Image credit: Beinecke Library at Yale University

nepomuceno-cortina-yale-libray.jpg

The papers of Manuel Espinosa de los Monteros

My most recent book ( The Virgin of Guadalupe and the Conversos) discusses papers I found at the New York Public Library under the title Monumentos Guadalupanos. These are part of the Obadiah Rich Collection and are in the library’s archives. It has been well known that Monumentos was at the NYPL, but only a very early copy of the Nicon Mopohua (relation of the apparitions in Nahuatl) had been identified as part of the collection.

When I visited the library in April 2006 I found that the collection included three reels of microfilm and that the Nicon Mopohua was only on the first reel. I was surprised to find hundreds of pages in handwritten Spanish (with some Latin), original manuscripts produced by a priest named Manuel Espinosa de los Monteros in 1825 in Mexico City. These documents were specifically important for a number of reasons. Espinosa de los Monteros was the archivist for the Basilica of Guadalupe in Mexico City from 1832-1838. He is known for his eruditeness and productive work in organizing and analyzing the archive. Upon further investigation I have found that no one was aware that these documents existed. In fact very few people are acquainted with Monteros at all – this includes the former Rector of the Guadalupe Basilica who held the position for thirty-three years. *

The manuscripts are part of a group where the writer discusses what he terms the “interpretation of the appearance of the Virgin of Guadalupe” and the “millennial system.”
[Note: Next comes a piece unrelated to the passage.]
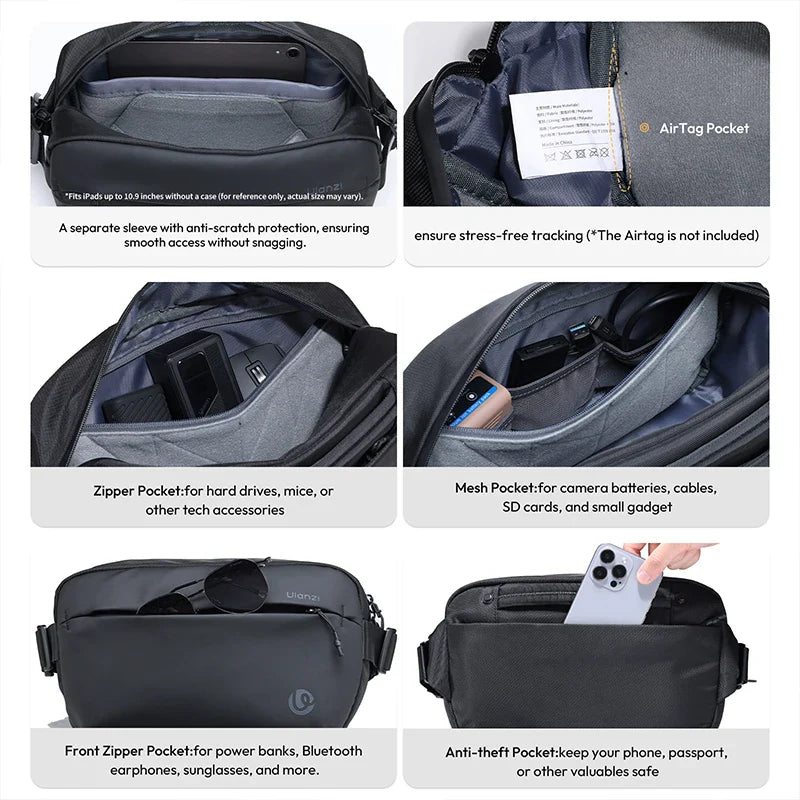 Travel Sling Bag 10L Portable Camera Storage Organizer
He actually focuses much more on the millennium and enters a very extensive and complex discourse on the Old Testament. This discussion is so prominent in his writing that it appears his ideology was more Jewish than Christian.

Upon close examination, Espinosa de los Monteros saw himself as a millennial thinker, citing others who had written on the subject, such as Antonio Vieira (17th century), Cornelius Lapides (17th century), and Manuel Lacunza – AKA Juan Josafat Ben-Ezra (late 18th century). He writing seems to have gone further in his Jewish leanings than the others, although Lacunza using the pseudo-nym Ben-Ezra is also quite unusual. Whether his close association with Jewish scholarship is due to having been from a converso background or from his interest in the millennium alone, is still not completely revealed. This will be part of my research and the focus of the book that emanates from the Monteros papers.

Title page:

Interpretacion del Imagen Guadalupana
por el Br. Don Manuel Espinosa de los Monteros
cura y juez eclesiastico de la doctrinal
de San Agustin Acolman
año 1825 (sic)

Comments such as

Folio 76a, section 207

Distinguimos en el genero humano dos clases de generaciones: la primera es aquella escogida por Dios para que de ella tomase el Verbo divino carne humana; la segunda es aquella que no co operó plenamente a este designio. A la primera pertenece ala Nacion hebrea unicamente, y la segunda todas las demas naciones del globo (sic).

We distinguish humans in two clases of generations: the first is that one chosen to take the divine Word and make it into a human body; the second is that which did not co-operate with this design. The first belongs only to the Hebrew nation, and the second to all the rest of the nations of the globe.

Folio 82b, section 222

Mujer ves ahí a tu hijo No habló pienso yo Christo como hombre por que la huviera llamado Madre. Llamandola Muger parece que veia en ella a la Muger Simbolica de que hablan las Escrituras, esto es la Nacion Judaica – a quien habla Dios en los Libros sagrados dando le este tratamiento como si fuera una persona singular. Como la Monarquia Judaica era la Señora en otro tiempo, y lo sera tambien en el futuro de todas las naciones (sic)…

Woman see your son. I do not believe I speak of Christ as a man because he would have called her mother. Calling her Woman implies that Christ saw in her as the Symbolic Woman that is spoken of in the Scriptures, this is the Jewish Nation – that God in his sacred Books treats as if it were one person. As the Jewish Monarchy was the Woman in another time, and will be again in the future of all the nations.

———

*the staff at the Basilica archives do know of Monteros and have published a web page describing his work in organizing and analyzing the archive.